[[ Material to process open ]]
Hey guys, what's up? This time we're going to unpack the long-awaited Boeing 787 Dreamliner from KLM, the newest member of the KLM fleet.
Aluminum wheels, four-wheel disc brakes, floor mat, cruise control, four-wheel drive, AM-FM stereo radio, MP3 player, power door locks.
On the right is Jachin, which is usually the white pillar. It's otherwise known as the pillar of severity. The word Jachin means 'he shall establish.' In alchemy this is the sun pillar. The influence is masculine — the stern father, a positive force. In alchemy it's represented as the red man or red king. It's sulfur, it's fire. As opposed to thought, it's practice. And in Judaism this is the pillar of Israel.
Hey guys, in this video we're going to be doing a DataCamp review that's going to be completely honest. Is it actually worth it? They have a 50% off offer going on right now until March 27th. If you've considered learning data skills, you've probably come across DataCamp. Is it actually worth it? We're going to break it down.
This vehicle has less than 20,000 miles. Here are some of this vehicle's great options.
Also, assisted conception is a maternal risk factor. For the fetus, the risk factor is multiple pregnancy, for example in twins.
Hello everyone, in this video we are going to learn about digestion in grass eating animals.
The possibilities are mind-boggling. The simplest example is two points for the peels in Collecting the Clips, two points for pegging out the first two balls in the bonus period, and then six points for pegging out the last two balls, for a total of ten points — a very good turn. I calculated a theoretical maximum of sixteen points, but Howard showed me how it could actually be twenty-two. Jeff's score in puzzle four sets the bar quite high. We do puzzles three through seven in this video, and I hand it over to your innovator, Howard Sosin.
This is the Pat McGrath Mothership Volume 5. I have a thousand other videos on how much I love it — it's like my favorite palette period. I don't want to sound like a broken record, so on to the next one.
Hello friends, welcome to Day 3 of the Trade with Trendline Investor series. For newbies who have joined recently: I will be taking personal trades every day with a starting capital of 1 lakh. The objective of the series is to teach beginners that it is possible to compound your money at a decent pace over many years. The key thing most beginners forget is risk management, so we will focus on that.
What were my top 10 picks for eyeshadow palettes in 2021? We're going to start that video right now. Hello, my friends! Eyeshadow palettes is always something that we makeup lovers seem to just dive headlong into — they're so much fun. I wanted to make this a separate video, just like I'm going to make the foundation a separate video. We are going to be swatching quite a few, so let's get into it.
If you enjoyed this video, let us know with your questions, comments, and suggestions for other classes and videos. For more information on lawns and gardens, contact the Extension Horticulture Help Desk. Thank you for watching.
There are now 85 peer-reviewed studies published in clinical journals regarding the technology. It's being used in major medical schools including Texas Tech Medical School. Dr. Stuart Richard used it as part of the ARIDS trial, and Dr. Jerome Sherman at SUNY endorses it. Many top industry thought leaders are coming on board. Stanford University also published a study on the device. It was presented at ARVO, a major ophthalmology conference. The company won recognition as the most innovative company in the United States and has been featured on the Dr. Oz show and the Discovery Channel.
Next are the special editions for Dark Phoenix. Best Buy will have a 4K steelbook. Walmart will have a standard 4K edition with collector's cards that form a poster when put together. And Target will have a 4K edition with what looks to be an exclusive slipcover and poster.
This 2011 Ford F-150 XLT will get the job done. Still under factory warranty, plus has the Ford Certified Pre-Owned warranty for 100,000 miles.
[[ Material to process closed ]]
Only the lines that hold the word "like" are wanted; each should be pulled from the records.

This is the Pat McGrath Mothership Volume 5. I have a thousand other videos on how much I love it — it's like my favorite palette period. I don't want to sound like a broken record, so on to the next one.
What were my top 10 picks for eyeshadow palettes in 2021? We're going to start that video right now. Hello, my friends! Eyeshadow palettes is always something that we makeup lovers seem to just dive headlong into — they're so much fun. I wanted to make this a separate video, just like I'm going to make the foundation a separate video. We are going to be swatching quite a few, so let's get into it.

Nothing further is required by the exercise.